Storage for HPC in the finance sector
This article provides recommendations for implementing storage in HPC environments for the finance sector. Large-scale HPC workloads in finance environments create demands for data storage and access that exceed the capabilities of traditional cloud file systems.
Design considerations
To decide which storage solution to use, you need to take into account the following application requirements.
- Latency
- IOPS
- Throughput
- File sizes and number
- Job runtime
- Associated costs
- Affinity for storage location: on-premises versus Azure
Design recommendations
Use Standard or Premium Azure Blob Storage for high-throughput, low-latency storage. It offers these benefits:
- It provides exabyte-scale, high-throughput, low-latency access where necessary, a familiar file system, and multi-protocol access (REST, HDFS, NFS).
- It's cost effective.
- You can mount Blob Storage as a file system by using BlobFuse. Doing so makes it easy to allow multiple nodes to mount the same container for read-only scenarios.
- It supports NFS 3.0 at the blob service endpoint for high-throughput, read-heavy workloads.
- You can optimize costs by moving data to cooler tiers via the ability to perform lifecycle management with last update/access time intelligent tiering, with customizable policies.
Use Azure NetApp Files for ReadWriteMany (unique) or write-once, read-once applications. It provides these benefits:
- A wide choice of file protocols (NFSv3, NFSv4.1, SMB3).
- Performance that's comparable with on-premises performance, with multiple tiers (Ultra, Premium, Standard).
- Deploys in minutes and offers a wide range of tiers and flexibility.
- Flexible capacity pool types and performance, where the QoS per volume is automatically assigned based on the tier of the pool and the volume quota.
The following table provides a comparison of Blob Storage, Azure Files, Azure Managed Lustre, and Azure NetApp Files.

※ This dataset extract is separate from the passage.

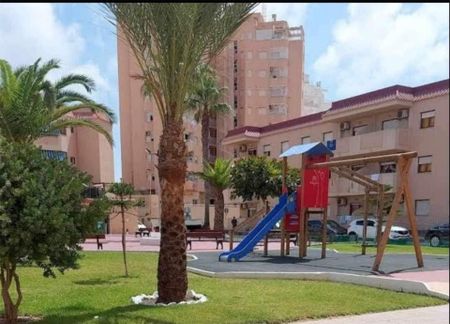 Planta baja de alquiler en Edificio Tesy Dos, 1, Entremares - Photo 2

Blob Storage | Azure Files | Azure Managed Lustre | Azure NetApp Files | |
---|---|---|---|---|
Use cases | Best suited for large-scale read-heavy sequential access workloads where data is ingested once and minimally modified. Low total cost of ownership, if there's light maintenance. |
A highly available service that's best suited for random access workloads. For NFS shares, Azure Files provides full POSIX file system support. The built-in CSI driver enables you to easily use it from container platforms like Azure Container Instances and Azure Kubernetes Service (AKS), in addition to VM-based platforms. |
Azure Managed Lustre is a fully managed parallel file system best suited to medium to large HPC workloads. Enables HPC applications in the cloud without breaking application compatibility by providing familiar Lustre parallel file system functionality, behaviors, and performance, securing long-term application investments. |
A fully managed file service in the cloud, powered by NetApp, with advanced management capabilities. Azure NetApp Files is suited for workloads that require random access. It provides broad protocol support and improved data protection. |
Available protocols | NFS 3.0 REST Azure Data Lake Storage |
SMB NFS 4.1 (No interoperability between either protocol.) |
Lustre | NFS 3.0 and 4.1 SMB |
Key features | Integrated with Azure HPC Cache for low-latency workloads. Integrated management, including lifecycle management, immutable blobs, data failover, and metadata index. |
Zonally redundant for high availability. Consistent single-digit millisecond latency. Predictable performance and cost that scales with capacity. |
High storage capacity up to 2.5PB. Low (~2ms) latency. Spin up new clusters in minutes. Supports containerized workloads with AKS. |
Extremely low latency (as low as sub-millisecond). Rich NetApp ONTAP management capability, like SnapMirror Cloud. Consistent hybrid cloud experience. |
Performance (per volume) | As much as 20,000 IOPS. As much as 100 GiB/s throughput. | As much as 100,000 IOPS. As much as 80 GiB/s throughput. | As much as 100,000 IOPS, up to 500 GiB/s throughput. | As much as 460,000 IOPS. As much as 36 GiB/s throughput. |
Scale | As much as 2 PiB for a single volume. As much as ~4.75 TiB for a single file. No minimum capacity requirements. |
As much as 100 TiB for a single volume. As much as 4 TiB for a single file. 100 GiB minimum capacity. |
As much as 2.5 PiB for a single volume. As much as 32 PB for a single file. 4 TiB minimum capacity. |
As much as 100 TiB for a single volume. As much as 16 TiB for a single file. Consistent hybrid cloud experience. |
Pricing | Azure Blob Storage pricing | Azure Files pricing | Azure Managed Lustre pricing | Azure NetApp Files pricing |
Next steps
The following articles provide guidance that you might find helpful at various points during your cloud adoption process. They can help you succeed in your cloud adoption scenario for HPC in the finance sector.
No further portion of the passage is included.